Microsoft Links AI Capacity To Dedicated Gas Power
Microsoft is planning a 2GW data center campus in Pecos, Texas, and the power plan is as important as the computing site.
Chevron will supply up to 2.67GW of behind-the-meter power for the project under a 20-year Power Purchase Agreement.
The project, known as Project Kirby, is being developed by Chevron and Engine No. 1, with first power delivery expected in 2028.
The arrangement puts Microsoft’s AI and cloud expansion directly into the energy-for-compute debate.
Instead of relying only on grid access, the company is tying a large data center campus to dedicated natural gas generation that can be built and scaled alongside the facility.
A Multibillion-Dollar Campus With A Phased Buildout
Microsoft described the Pecos plan as a multibillion-dollar data center campus.
The company expects investment to run across a five-to-seven-year buildout, with roughly 6,000 construction jobs when the site is fully built.
The power supply will increase incrementally because the plant is being built in phases.
Project Kirby will rely mainly on large GE Vernova-manufactured turbines and associated electrical infrastructure, with additional capacity from Solar Turbines, a Caterpillar subsidiary.
Chevron and Engine No. 1 already hold seven GE Vernova 7HA natural gas turbines under their earlier partnership.
The exact turbine model was not disclosed.
GE Vernova’s listed 7HA range includes 290MW, 384MW and 430MW options, so the final configuration remains a technical detail for the power partners rather than a confirmed site specification.
AI Growth Meets Power, Water And Local Infrastructure
Chevron president of New Energies Jeff Gustavson said abundant, affordable and reliable energy is essential for AI’s economic impact, and Microsoft cloud operations president Noelle Walsh said the company needs energy infrastructure that can scale quickly and reliably for AI and cloud demand.
Those comments frame the project as a response to a physical bottleneck.
Advanced compute capacity is not only a question of servers, chips and buildings; it also depends on power generation, electrical infrastructure, cooling and local permitting.
Chevron says the project could create more than $10 billion in tax revenue for state and local governments.

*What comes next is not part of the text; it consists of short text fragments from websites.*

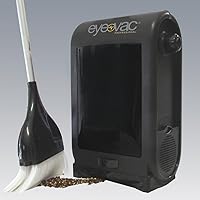 Vista 3 de Black Eye Vac Pro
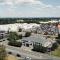 Econo Lodge Inn & Suites Murfreesboro - Murfreesboro
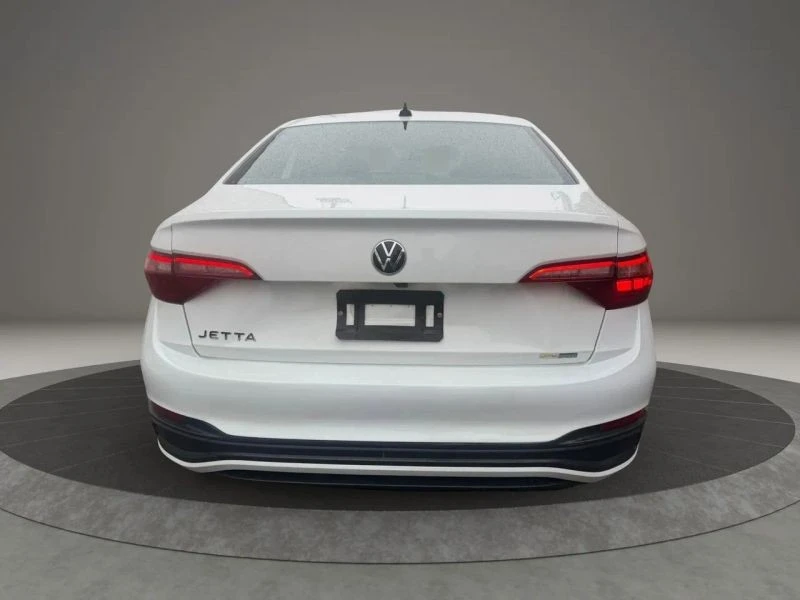 2024 Volkswagen A7 Jetta - Image 6 of 12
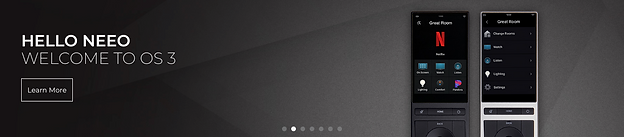 Screen Shot 2019-11-26 at 1.27.36 PM.png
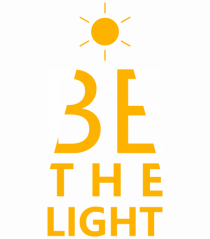 Be The Light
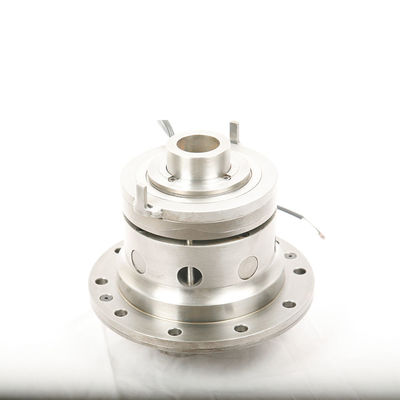 ET110 ET117 4X4 Offroad E ντουλάπι για SUZUKI Sierra Σαμουράι Jimny Holden Drover Μαράντι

The company also plans to use non-potable, brackish groundwater for power plant operations and says it is working on reuse of produced water from oil and gas operations.
Pecos is not a typical Texas data center market, but the area is drawing energy-linked infrastructure proposals.
Pacific Energy announced plans in August 2025 for a 5GW off-grid power project in nearby Pecos County designed to serve hyperscale data centers.
Microsoft already has a significant Texas data center footprint, including facilities in Medina and Castroville, and in March 2026 it signed on to lease about 700MW from Crusoe’s Abilene campus.
The unresolved issue in Pecos is whether dedicated gas generation can give Microsoft the speed and reliability it wants without turning AI infrastructure growth into a larger fight over fuel use, water and local energy planning.